ACTIVITY: Check every line of the entries that follow, and copy the ones containing "District".

DATASET EXCERPTS START

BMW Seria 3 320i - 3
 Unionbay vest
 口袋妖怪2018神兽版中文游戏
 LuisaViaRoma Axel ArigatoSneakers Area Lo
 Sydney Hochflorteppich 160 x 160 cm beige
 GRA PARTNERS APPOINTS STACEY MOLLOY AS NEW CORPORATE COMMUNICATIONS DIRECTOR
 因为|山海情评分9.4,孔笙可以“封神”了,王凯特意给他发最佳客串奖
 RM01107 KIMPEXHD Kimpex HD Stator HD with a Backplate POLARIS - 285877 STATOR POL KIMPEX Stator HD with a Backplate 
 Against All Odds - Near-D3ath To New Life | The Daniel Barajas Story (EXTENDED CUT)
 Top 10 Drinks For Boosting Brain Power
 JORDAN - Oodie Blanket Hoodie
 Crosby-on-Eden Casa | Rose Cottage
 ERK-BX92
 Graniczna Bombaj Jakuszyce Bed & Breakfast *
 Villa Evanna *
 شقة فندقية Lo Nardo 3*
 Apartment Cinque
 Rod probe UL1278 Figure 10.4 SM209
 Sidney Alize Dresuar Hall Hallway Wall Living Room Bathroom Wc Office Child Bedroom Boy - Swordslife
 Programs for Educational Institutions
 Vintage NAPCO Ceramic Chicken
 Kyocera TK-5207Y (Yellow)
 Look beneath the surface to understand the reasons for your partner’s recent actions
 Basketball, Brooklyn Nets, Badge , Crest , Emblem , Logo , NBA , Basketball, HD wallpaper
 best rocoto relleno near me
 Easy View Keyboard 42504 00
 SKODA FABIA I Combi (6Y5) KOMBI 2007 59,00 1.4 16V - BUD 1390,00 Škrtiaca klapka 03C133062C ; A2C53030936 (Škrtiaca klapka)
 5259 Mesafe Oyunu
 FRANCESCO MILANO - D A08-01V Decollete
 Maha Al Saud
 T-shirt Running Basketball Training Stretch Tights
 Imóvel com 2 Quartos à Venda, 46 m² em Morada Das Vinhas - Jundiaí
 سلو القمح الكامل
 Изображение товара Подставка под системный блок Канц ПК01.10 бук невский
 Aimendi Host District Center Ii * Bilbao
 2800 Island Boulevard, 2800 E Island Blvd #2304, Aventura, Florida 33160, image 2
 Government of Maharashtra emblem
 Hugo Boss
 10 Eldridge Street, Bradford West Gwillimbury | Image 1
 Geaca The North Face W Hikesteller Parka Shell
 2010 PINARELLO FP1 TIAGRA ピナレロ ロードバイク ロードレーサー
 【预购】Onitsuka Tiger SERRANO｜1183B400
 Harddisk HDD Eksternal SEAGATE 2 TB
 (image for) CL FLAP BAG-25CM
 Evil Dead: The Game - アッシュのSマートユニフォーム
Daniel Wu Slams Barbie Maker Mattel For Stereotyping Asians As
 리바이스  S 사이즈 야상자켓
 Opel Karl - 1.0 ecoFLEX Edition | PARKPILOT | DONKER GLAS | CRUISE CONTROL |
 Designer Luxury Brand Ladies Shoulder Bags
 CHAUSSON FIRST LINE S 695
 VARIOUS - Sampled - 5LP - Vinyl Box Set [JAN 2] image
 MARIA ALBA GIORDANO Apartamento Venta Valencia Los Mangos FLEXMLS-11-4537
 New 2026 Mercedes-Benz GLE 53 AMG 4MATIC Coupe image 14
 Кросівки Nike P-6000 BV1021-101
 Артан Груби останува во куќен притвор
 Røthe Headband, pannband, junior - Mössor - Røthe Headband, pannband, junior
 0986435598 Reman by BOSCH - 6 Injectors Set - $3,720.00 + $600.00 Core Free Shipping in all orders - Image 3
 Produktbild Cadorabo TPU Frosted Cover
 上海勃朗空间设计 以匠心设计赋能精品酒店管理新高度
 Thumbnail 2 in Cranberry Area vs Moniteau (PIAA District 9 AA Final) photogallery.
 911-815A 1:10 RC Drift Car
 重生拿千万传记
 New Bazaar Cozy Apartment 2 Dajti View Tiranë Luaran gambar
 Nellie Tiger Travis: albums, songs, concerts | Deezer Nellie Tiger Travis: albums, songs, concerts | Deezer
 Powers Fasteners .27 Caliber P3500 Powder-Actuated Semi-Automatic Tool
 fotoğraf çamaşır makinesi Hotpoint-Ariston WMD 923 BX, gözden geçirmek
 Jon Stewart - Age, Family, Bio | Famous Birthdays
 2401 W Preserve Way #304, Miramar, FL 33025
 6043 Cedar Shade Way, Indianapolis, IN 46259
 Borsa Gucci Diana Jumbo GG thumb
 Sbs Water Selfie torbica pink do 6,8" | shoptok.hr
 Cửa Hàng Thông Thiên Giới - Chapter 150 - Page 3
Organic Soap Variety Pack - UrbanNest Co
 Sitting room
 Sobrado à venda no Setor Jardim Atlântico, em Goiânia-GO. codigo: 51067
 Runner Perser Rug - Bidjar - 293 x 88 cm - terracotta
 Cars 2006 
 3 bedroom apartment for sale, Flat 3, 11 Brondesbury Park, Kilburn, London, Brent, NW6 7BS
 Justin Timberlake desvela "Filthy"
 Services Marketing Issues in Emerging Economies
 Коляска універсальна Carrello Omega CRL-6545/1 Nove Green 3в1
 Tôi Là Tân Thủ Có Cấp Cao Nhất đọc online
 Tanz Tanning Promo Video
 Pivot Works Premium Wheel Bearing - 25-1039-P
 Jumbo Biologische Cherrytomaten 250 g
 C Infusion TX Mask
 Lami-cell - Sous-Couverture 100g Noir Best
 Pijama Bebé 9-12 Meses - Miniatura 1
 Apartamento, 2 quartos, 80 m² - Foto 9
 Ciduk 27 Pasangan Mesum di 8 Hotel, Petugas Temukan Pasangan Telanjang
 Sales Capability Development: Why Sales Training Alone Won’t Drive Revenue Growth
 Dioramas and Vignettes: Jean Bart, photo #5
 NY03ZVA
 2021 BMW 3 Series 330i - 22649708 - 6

DATASET EXCERPTS END

RESPONSE:
 Aimendi Host District Center Ii * Bilbao
 Thumbnail 2 in Cranberry Area vs Moniteau (PIAA District 9 AA Final) photogallery.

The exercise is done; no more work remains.